• [WORK ORDER]: In the entries below, repeat only the lines between those holding "Volkswagen T-Roc 1.5" and "Mercedes-Benz w202", inclusive. Leave pictures out.

• [RECORDS FOR THE EXERCISE]:
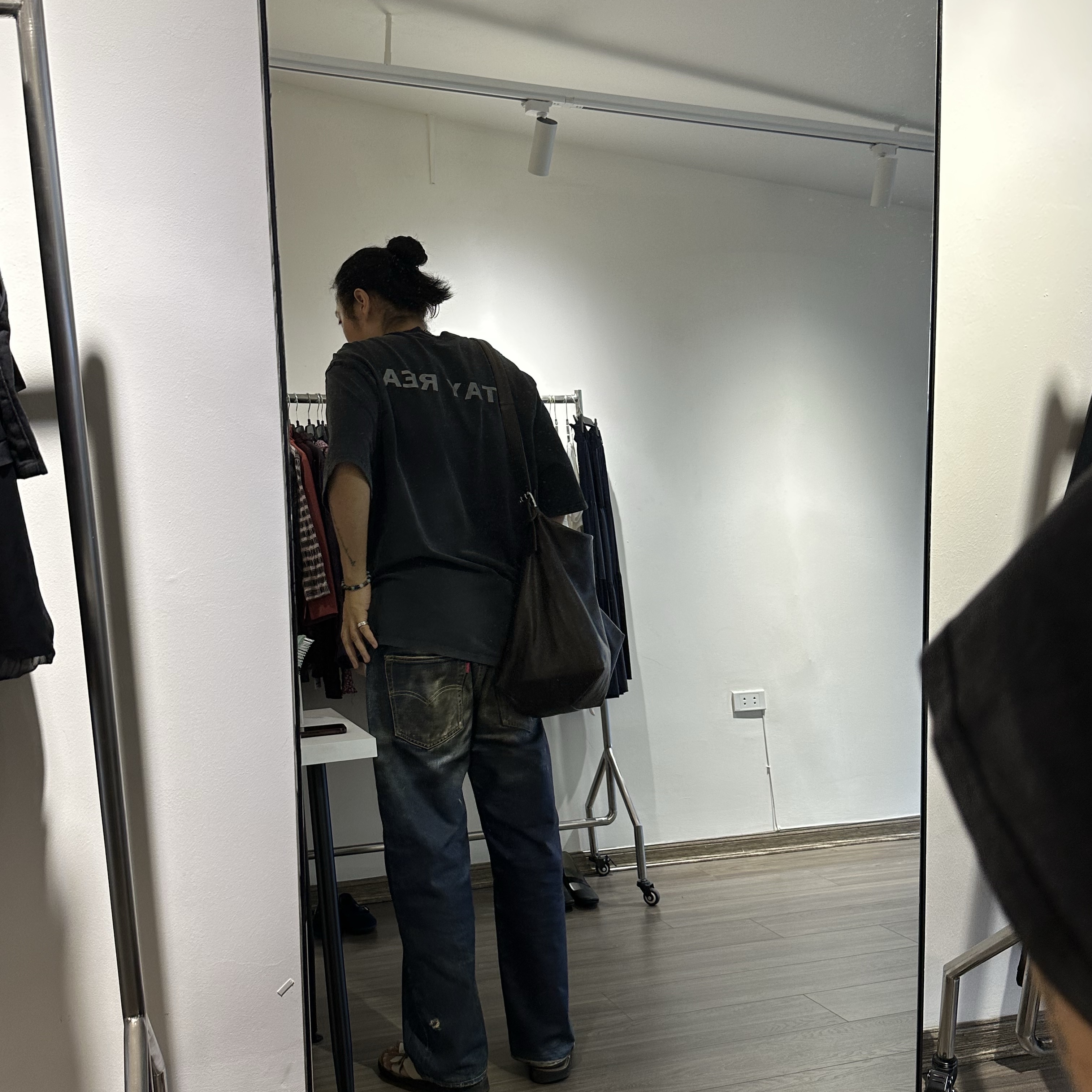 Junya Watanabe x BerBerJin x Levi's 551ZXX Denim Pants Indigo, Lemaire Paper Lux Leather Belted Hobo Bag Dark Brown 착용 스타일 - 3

==

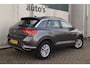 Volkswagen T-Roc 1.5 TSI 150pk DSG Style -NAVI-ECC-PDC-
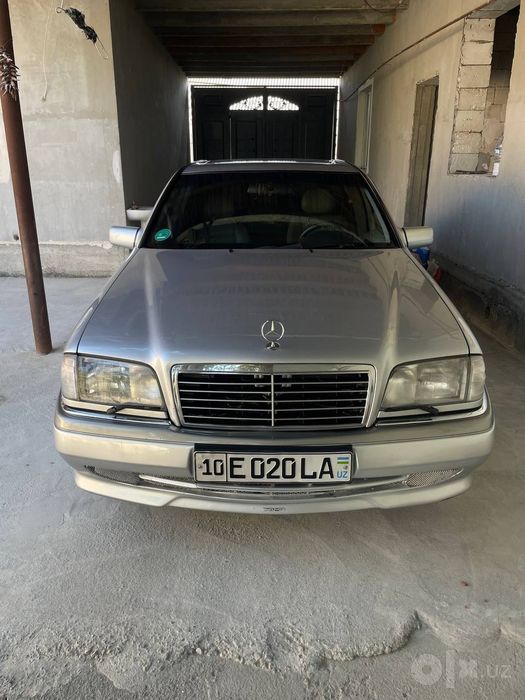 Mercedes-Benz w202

• [RESULT FOR THIS EXERCISE]:
 Volkswagen T-Roc 1.5 TSI 150pk DSG Style -NAVI-ECC-PDC-
 Mercedes-Benz w202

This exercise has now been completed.